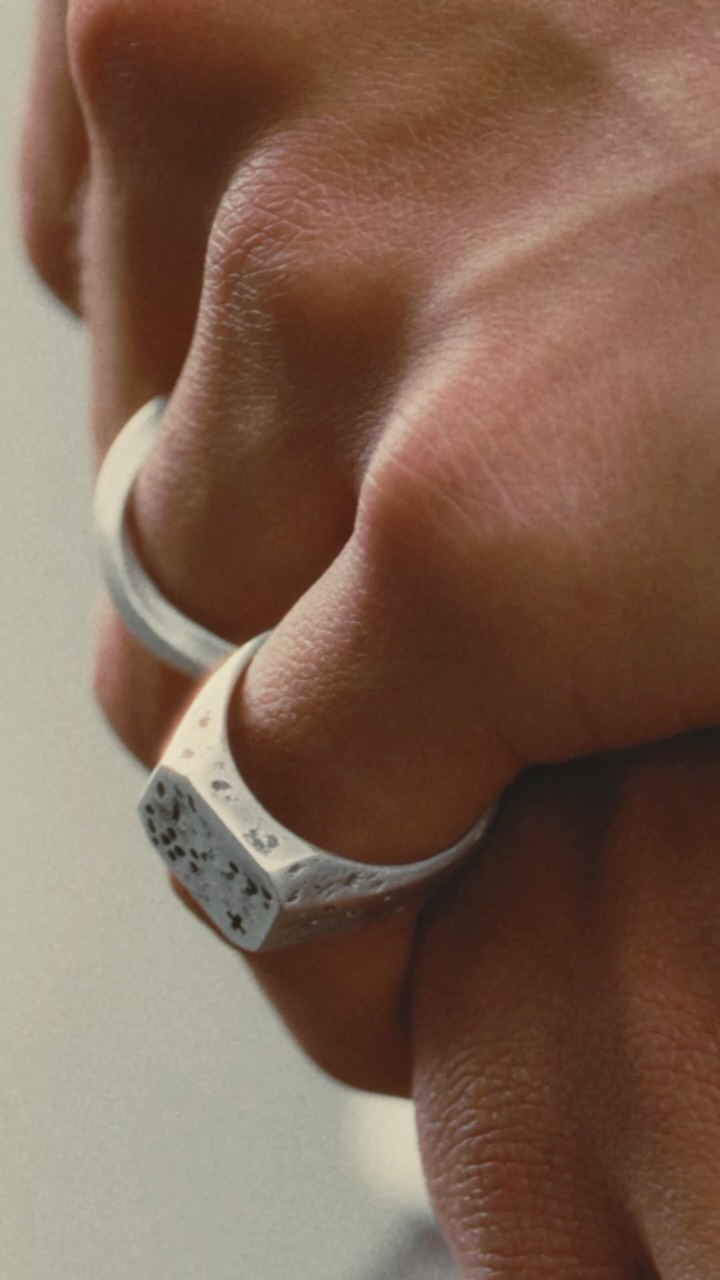 A close-up shot focuses on a hand wearing two silver rings. One ring is a signet ring with a textured surface and a patterned face, while the other is a simple band. The text "For the details that don’t go unnoticed." is overlaid on the image, followed by "Jewellery collection releases tomorrow." The image highlights the intricate details of the jewelry against the skin.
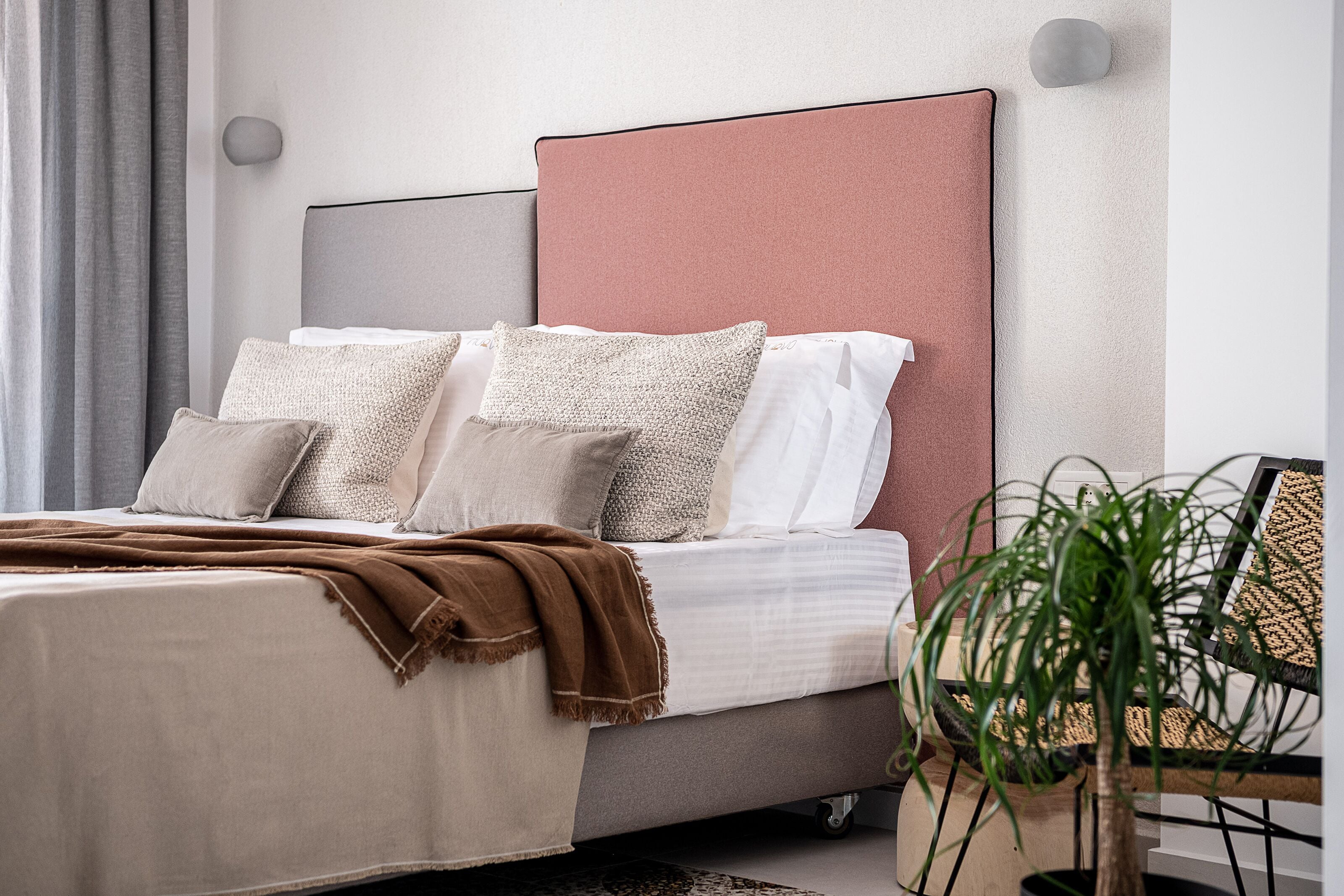 A neatly made bed with a brown blanket, a grey headboard, and multiple pillows.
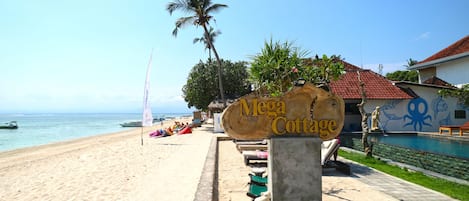 Un cartelito junto a la playa anuncia 'Mega Cottage', con piscina y un mural de un pulpo en la fachada.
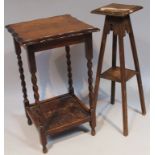 A 1920's oak occasional table, with a pie crust edge on barleytwist columns joined by an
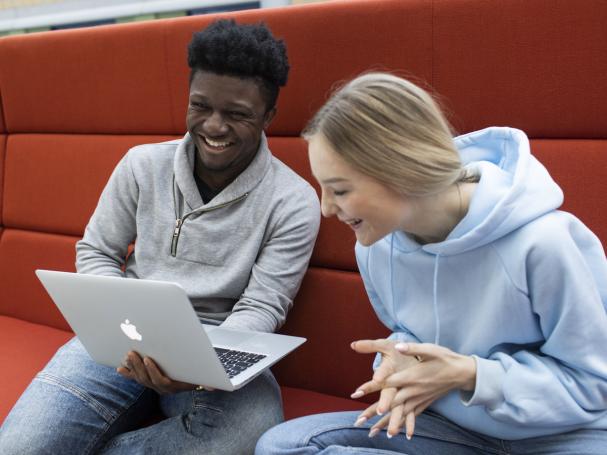 Kaksi opiskelijaa nauraa yhdessä tietokoneen äärellä.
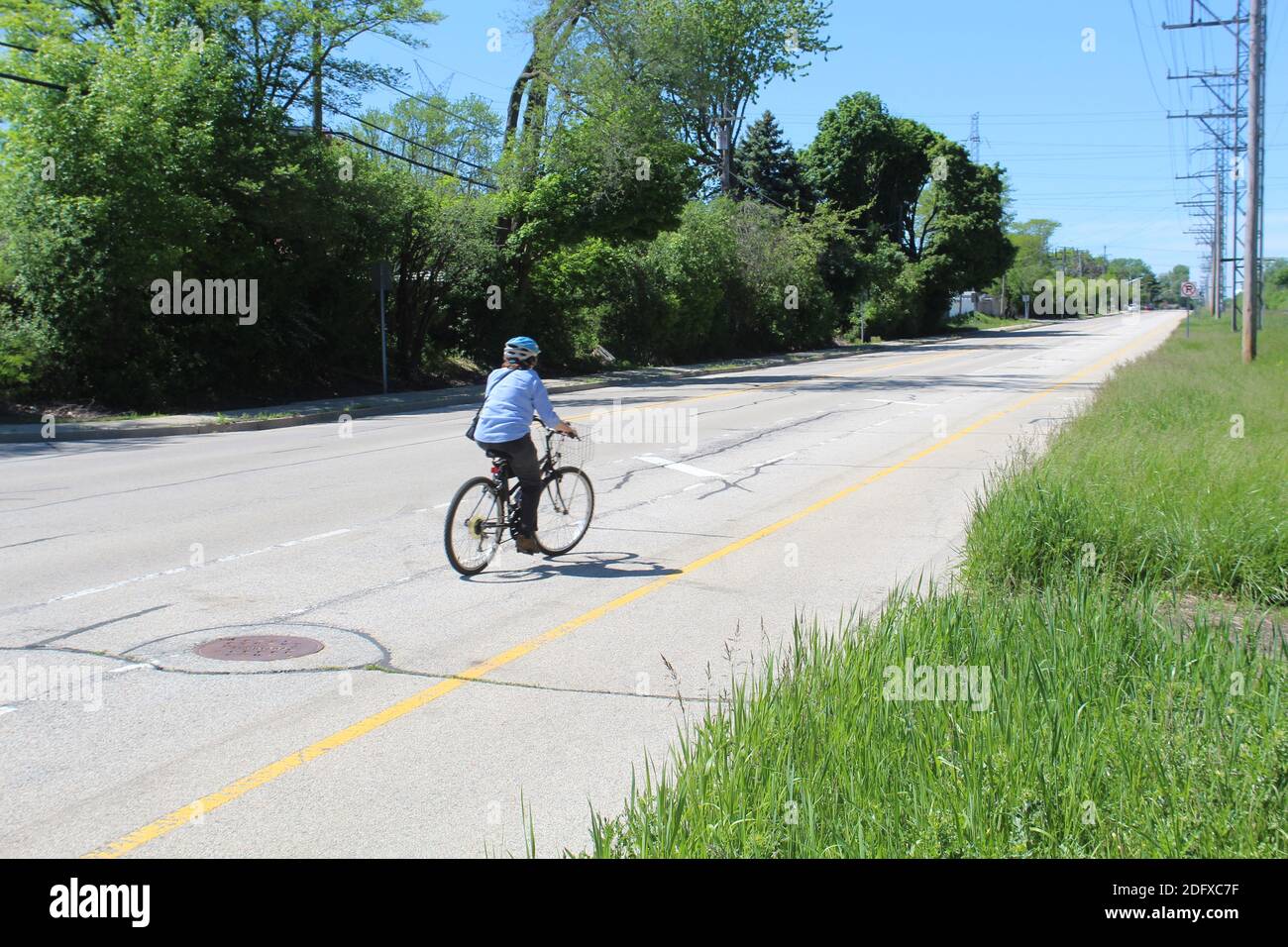 Older woman on a bicycle on Lehigh Avenue in Morton Grove, Illinois Stock Photo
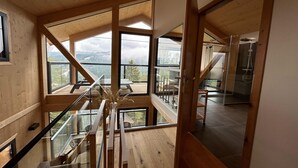 Um interior moderno com detalhes em madeira, janelas amplas e vista para o exterior.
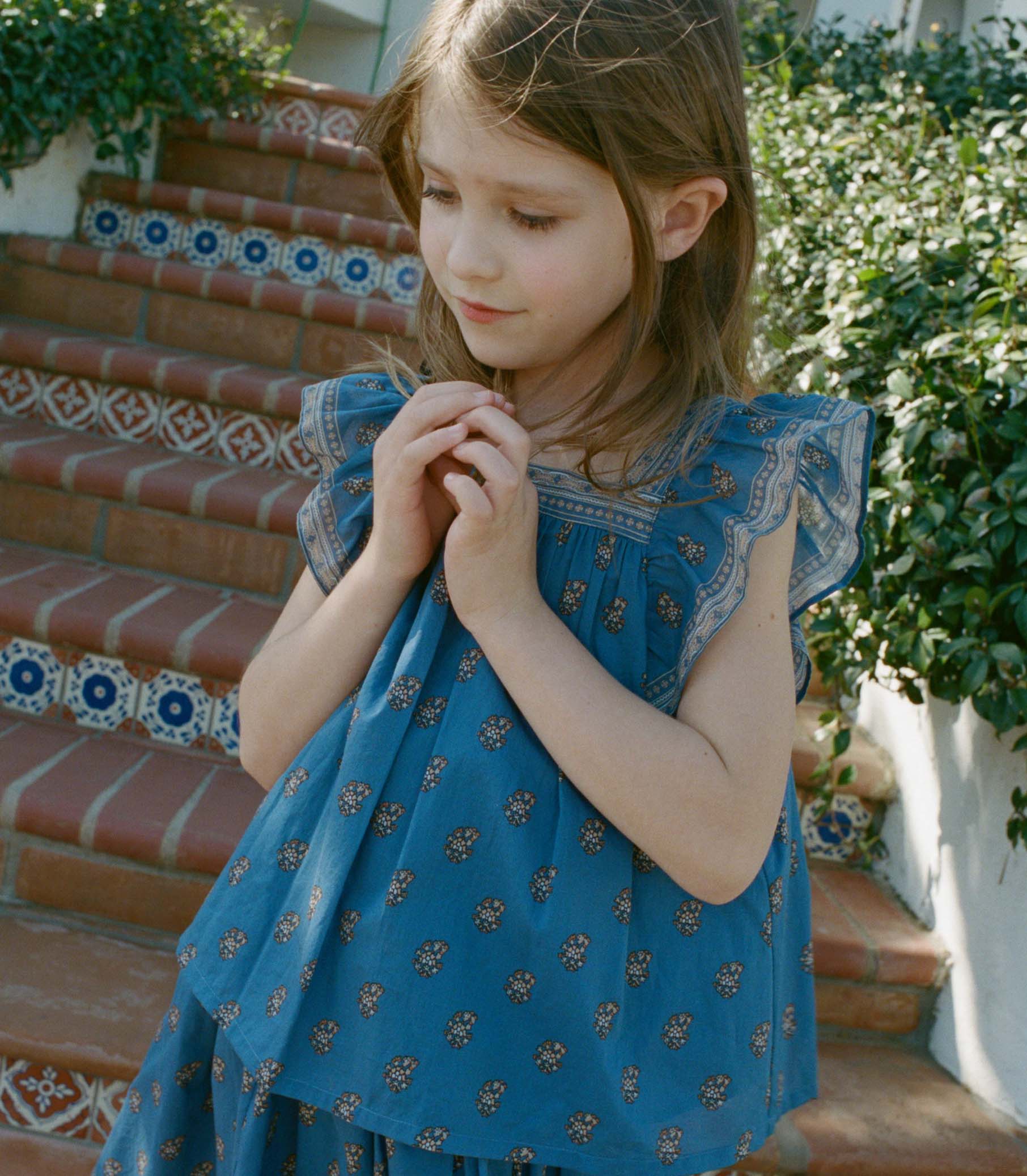 Young girl in a blue paisley top standing on outdoor steps with greenery. 1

__WHAT TO DO__: Your copy should hold all the data word for word. It should hold no pictures.

__PROBLEM SOLUTION__:
 A close-up shot focuses on a hand wearing two silver rings. One ring is a signet ring with a textured surface and a patterned face, while the other is a simple band. The text "For the details that don’t go unnoticed." is overlaid on the image, followed by "Jewellery collection releases tomorrow." The image highlights the intricate details of the jewelry against the skin.
 A neatly made bed with a brown blanket, a grey headboard, and multiple pillows.
 Un cartelito junto a la playa anuncia 'Mega Cottage', con piscina y un mural de un pulpo en la fachada.
 A 1920's oak occasional table, with a pie crust edge on barleytwist columns joined by an
 Kaksi opiskelijaa nauraa yhdessä tietokoneen äärellä.
 Older woman on a bicycle on Lehigh Avenue in Morton Grove, Illinois Stock Photo
 Um interior moderno com detalhes em madeira, janelas amplas e vista para o exterior.
 Young girl in a blue paisley top standing on outdoor steps with greenery. 1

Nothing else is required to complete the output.